Fast Convergence IP Routing Scheme based on Special Nodes using 2-Port Router in Campus Network

Fast Convergence IP Routing Scheme based on Special Nodes using 2-Port Router in Campus Network

Sanjib Halder Siddhartha Roy

Assistant Professor Assistant Professor

Department of Computer Science Department of Computer Science The Bhawanipur Education Society College Shree Agrasain College Kolkata, India Liluah Howrah, India

AbstractFailure recovery in the internet is most crucial factor. Failure of an IP router cannot be completely avoided. Due to failure, many events are associated with the network, topological changes, loss of packet, recovery the routing table, local reconfiguration of the network followed by the global reconfiguration of the network are required. Network failure can be caused by a variety of reasons such as a router fails, one of its connecting cables snaps or a router is deliberately withdrawn (disconnected). Under such a failure condition, a router does not perform its forwarding and delivery function. A fast convergence scheme to this problem is extremely important for the smooth operation of the network. The main approach used by todays IP routers is route recalculation and routing table update to recover from failure. However, route recalculation and routing table build up could take considerable amount of time during which a large number of packets will be routed wrongly. The strategy we have taken is to pre-calculate and store back-up routes in advance and to automatically switch to the backup routes when a failure occurs. More over study of special neighbourhood concept detecting by the router make the recovery of the IP network reasonably fast and recovers immediately from the router failure. Detecting special neighbor reduce the unnecessary recalculate of routing table. We propose a very simple design scheme how router detects a special neighbor and quickly converge due to failure of a router.

Index Terms 2-port router, campus network, fast convergence, network failure recovery, special neighbour.

1. INTRODUCTION

   A computer network is a collection of multiple autonomous computers which are interconnected by communication links and can thus exchange messages between themselves.
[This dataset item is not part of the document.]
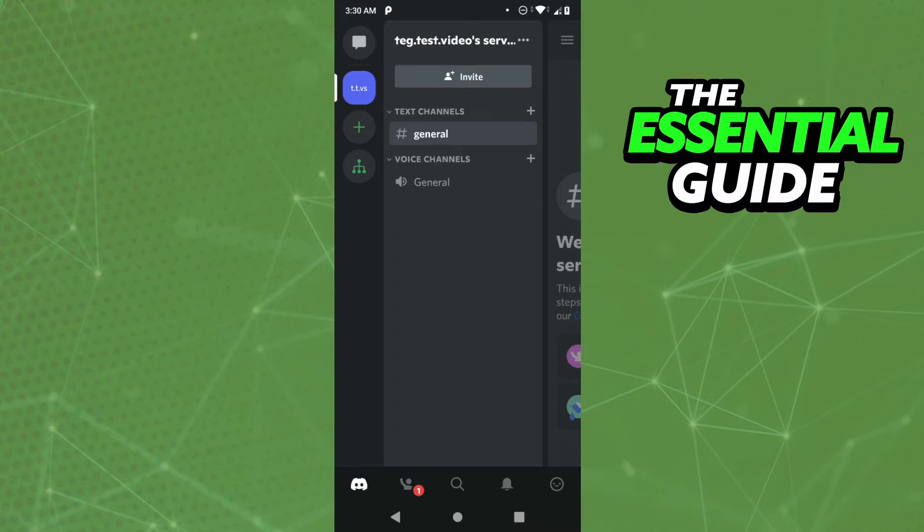After that, in your Discord app right here, you need to go to your profile. Just click in the lower right side of your screen on that smile face.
A computer network allows its users to share the resources available on the various computers connected to the network[1],[3]. The early activities in the area of computer networking were developed by the ARPANET and Digital Equipment Corporation's DECNET, etc., in the late sixties and early seventies. Due to reduce cost of hardware, an increasing number of networks were built and installed worldwide during the decade of the seventies [2]. All these networks were wide area networks (WAN), i.e. they covered wide areas. In the late seventies, technology of the first local area network (LAN) was invented and it was called Ethernet. Though many WAN technologies, LAN technologies exists,

   Ethernet has become so widely used due to simplicity, low-cost, high reliability [4],[5].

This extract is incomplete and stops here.